There is a pressing need to reframe literacy altogether to address the education crisis in Malawi and to prepare learners for the digital era which has already come and yet leaves so many behind. As Heidi Hayes Jacobs once remarked, “Teachers need to integrate technology seamlessly into the curriculum instead of viewing it as an add-on, an afterthought, or an event.”

We, at the EduHub, believe that the future of education hinges on educators’ willingness to trade tradition for tech.

Teachers must be able to proactively integrate modern technology into the classroom, whether online or in-person, to meet students’ changing needs and preferences.

The Malawi education system requires comprehensive re-contextualisation of literacy as not merely a matter of being able to read, understand and write text — it must also inherently apply to the ability to do the aforementioned across a variety of formats (i.e. tactile and digital media). In addition, learners must not only be taught technical digital skills but all facets of existing in a digital world e.g. understanding one’s rights and responsibilities as a digital citizen, evaluating media and information for truth and accuracy as well as managing one’s digital identity.

The foundational years of public education (especially primary) must introduce learners to digital skills and it should be at this level that they must begin utilising digital learning to acquire the said digital skills.

Learners must not have to advance to higher learning institutions to encounter digital learning or to gain skills for the workplace and navigating the digital era.
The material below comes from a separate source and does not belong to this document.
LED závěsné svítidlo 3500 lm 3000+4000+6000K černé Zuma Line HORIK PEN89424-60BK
Jane Bozarth, Director of Research, The e-Learning Guild summed up the digital quandary as follows: “We complain that learners want to be spoon-fed, but then we won’t let them hold the spoon.”

Of course, this is easier said than done. Implementing a digital agenda faces the challenges of lack of dependable access to electricity, the internet and well-trained and supported teachers to teach digital skills. Not to mention that the very availability of affordable devices with which learners (and teachers) can access digital skills is severely limited.
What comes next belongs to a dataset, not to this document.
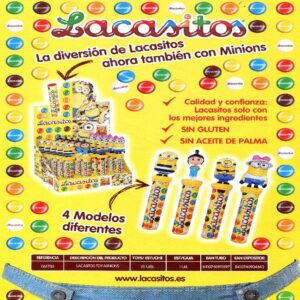 LACASITOS 20 TOYS MINIONS 20Grs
Nevertheless, with urgency, the government and ministry of education must formulate national digital learning models that accommodate wherever learners are in terms of skills and context i.e. learners must be able to gain literacy and digital skills regardless of whether they come from a background where they have regularly encountered digital devices before.

In addition, this digital learning framework should look to flagship projects from other stakeholders in the education sector to scale their measures to the national level. In this way, some of the challenges of implementing a nationwide digital agenda for students can be mitigated.
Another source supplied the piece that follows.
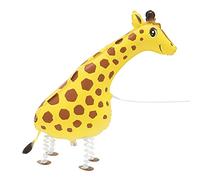 Unique Party - Caminando Mascota Jirafa Globo - 86 cm (53650)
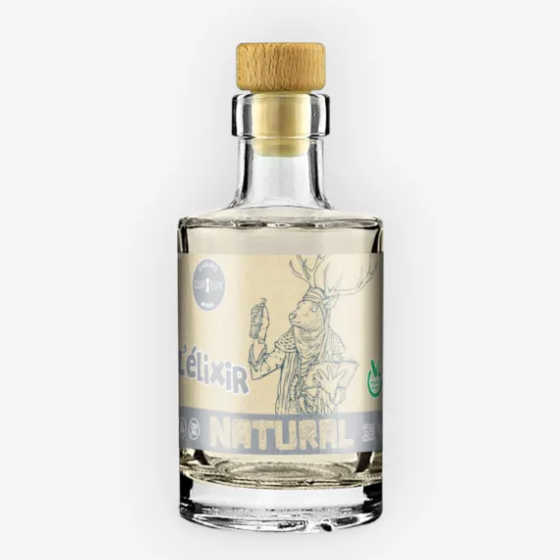 E-liquide Elixir 200 mL - Natural (Curieux)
For instance, when it comes to digitising curricula and lessons in a user-friendly, easily digestible and easily accessible technological format using the projector model approach where learners can watch and listen while their teachers facilitate and guide them through the process, the government can look to CSEC’s EduTech in Education Project piloted in Lilongwe and Mzimba districts.

When it comes to a more hands-off approach designed for children to work through on their own and at their own pace, with minimal adult supervision, the government can look to the Unlocking Talent in Malawi initiative by VSO Malawi, in partnership with Onebillion (non-profit software development) which focuses on marginalised groups across all education districts, directly benefiting Standard 1 and 2 learners, out of school youths and children with special needs, in-service and pre-service teachers, Teacher Training College lecturers, and Primary Education Advisors. The same project can be looked to by the government when considering how to circumvent low electricity availability by using cost-effective solar-powered Learning Centres.

Indeed, the insights and successes of these and other flagship digital learning projects must be utilised and leveraged by the government to formulate a contextually appropriate digital education framework for the learners in Malawi.

Collectively, we must deter the simultaneously ongoing and incoming education crisis by building the literacy of students and equipping them for the digital era.